Aim of the exercise >>
Reproduce, exactly and only, the lines of the data that follows from the one containing "Talented voice artist" down to the one containing "Outdoor Inflatable Bowling", without pictures.

Records supplied >>
_ _ _ _

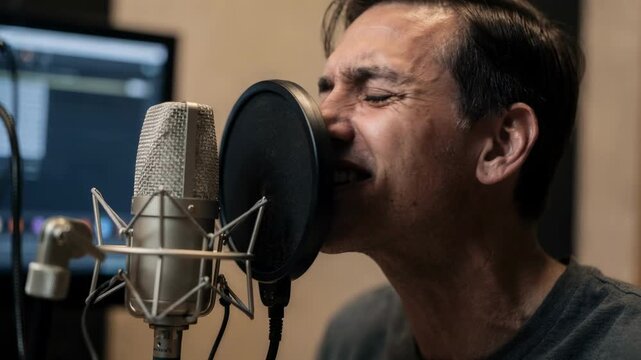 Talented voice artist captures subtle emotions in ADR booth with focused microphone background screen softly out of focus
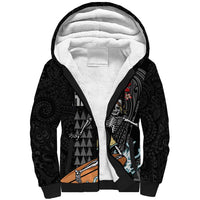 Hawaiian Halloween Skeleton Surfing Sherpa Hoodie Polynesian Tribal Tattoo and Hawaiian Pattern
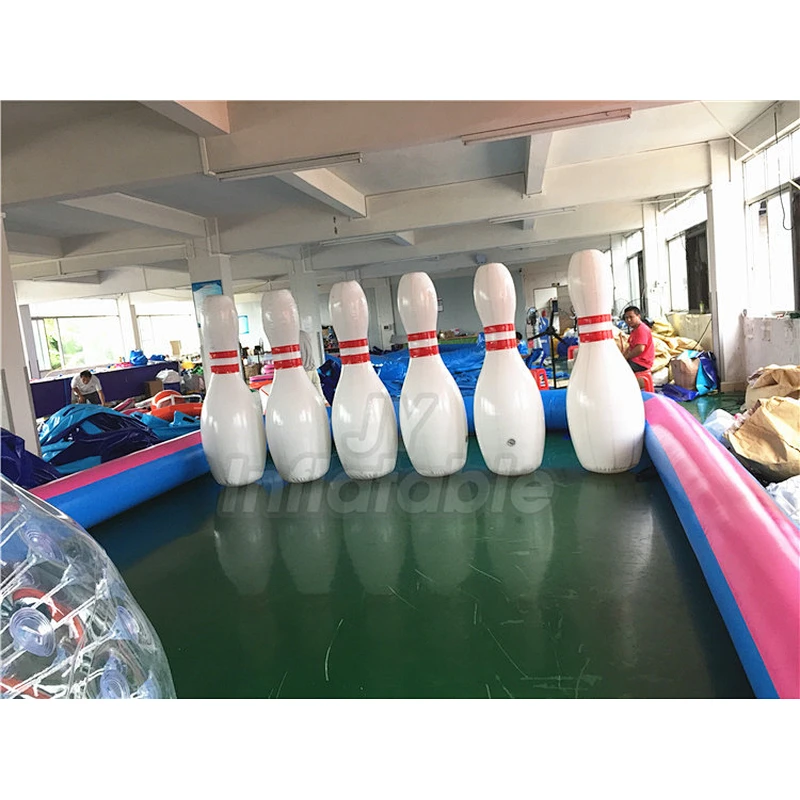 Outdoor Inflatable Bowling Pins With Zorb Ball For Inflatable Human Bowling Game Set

_ _ _ _

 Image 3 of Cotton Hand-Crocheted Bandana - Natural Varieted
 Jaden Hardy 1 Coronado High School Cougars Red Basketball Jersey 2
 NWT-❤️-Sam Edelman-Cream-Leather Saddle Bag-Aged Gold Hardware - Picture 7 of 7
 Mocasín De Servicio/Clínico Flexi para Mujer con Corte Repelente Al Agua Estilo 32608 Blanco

_ _ _ _

Solution for this problem >>
 Talented voice artist captures subtle emotions in ADR booth with focused microphone background screen softly out of focus
 Hawaiian Halloween Skeleton Surfing Sherpa Hoodie Polynesian Tribal Tattoo and Hawaiian Pattern
 Outdoor Inflatable Bowling Pins With Zorb Ball For Inflatable Human Bowling Game Set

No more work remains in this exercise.